2nd quarter 2004
Biological databases facilitate research int frequently occuring disorders
Great was the enthusiasm among geneticists and greater still in the media
when the human genetic code was identified in 2001. Optimists expected the
genetic causes of common diseases, heart attack, cancer, stroke, depression,
etc., to be discovered in the not too distant future. This would also have
impacted our ability to predict such diseases, which would in turn have opened
the door to large-scale antiselection in life, and health insurance.
It is now apparent that those forecasts were far too optimistic. Common
diseases have highly complex origins; they generally result from a combination
of a number of weak genetic and non-genetic factors. In 2004, there are
virtually no reproducible genetic factors for common diseases whose risk would
be greater than that of smoking.
At the same time, many genetic factors have now been identified which are known
to increase the risk of disease in the order of 1.5. However, these genetic
variants sometimes increase the risk by a factor of only 1.2, and we have no
idea how the factors interact. There are both variants that decrease the risk of
cancer in smokers and those that increase it.
There are variants whose risks add to the total risk and others that multiply
it. There are genetic changes that simultaneously increase the risk of
contracting one disease and reduce the risk of contracting another. In addition
to which, genetic risk factors interact, of course, not just with each other but
also with environmental factors.
What concerns geneticists today is, "How do we research this chaos?" One
answer is - biobanks.
Biobanks are currently being set up in various locations throughout the
world.
The veteran among them is the Iceland genome project which is pursuing the
strategy of tracing genetic variants that cause common diseases. Iceland has a
small population that can be traced back to a handful of Viking immigrants.

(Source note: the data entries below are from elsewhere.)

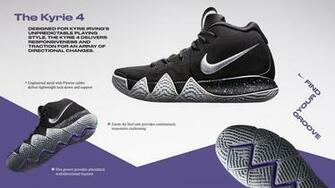 Kyrie Nike Shirt Basketball Shoes Online Sale New Lebron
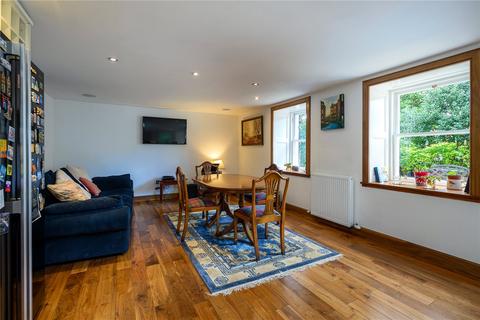 Ellenbank Balmoral Road, Rattray, Blairgowrie, PH10 7AF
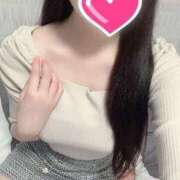 ヒメ日記 2026/08/28 19:50 投稿 みか 艶妻秘恋
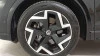 Volkswagen Tiguan R-Line 2.0 TDI 110 kW (150 CV) DSG Volkswagen Tiguan R-Line 2.0 TDI 110 kW (150 CV) DSG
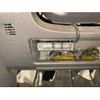 daihatsu hijet-caddie 2016 CFJ1810089 image 25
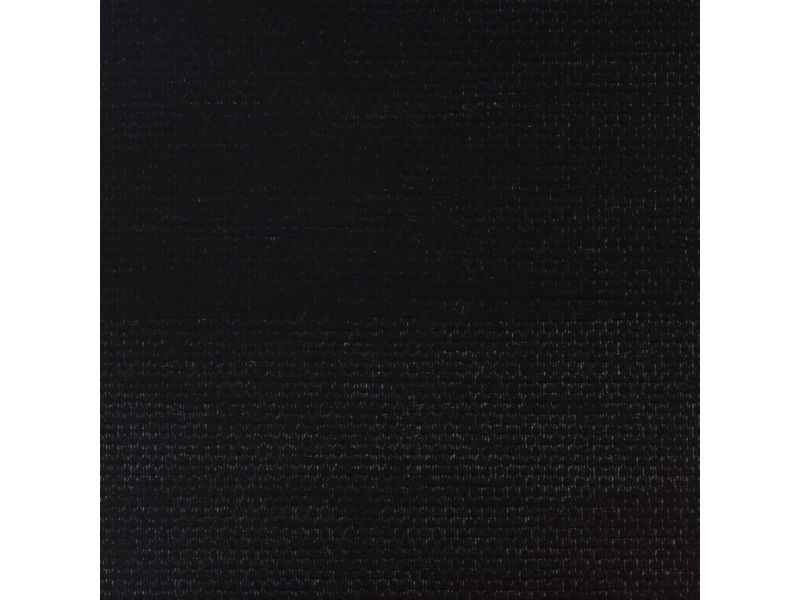 Rembrandt Acrylic Colour Tube Payne's Grey 708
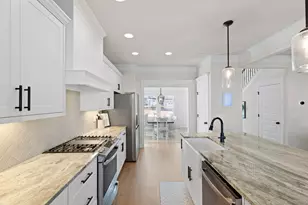 3011 Rosewood Dr, Evans, GA 30809 - Photo 13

Furthermore, Iceland traditionally has exceptionally well-documented family
trees and a sophisticated health system.
Just under half the total population has now been genetically examined. Gene
mutations found include those responsible for heart attack, stroke, osteoporosis
and schizophrenia. The Swiss pharmaceuticals concern, Hoffmann la Roche, has
acquired the rights to develop new medicaments using this knowledge.
Estonia has long had plans to test even more probands than Iceland but these
have not got off the ground owing to financial problems.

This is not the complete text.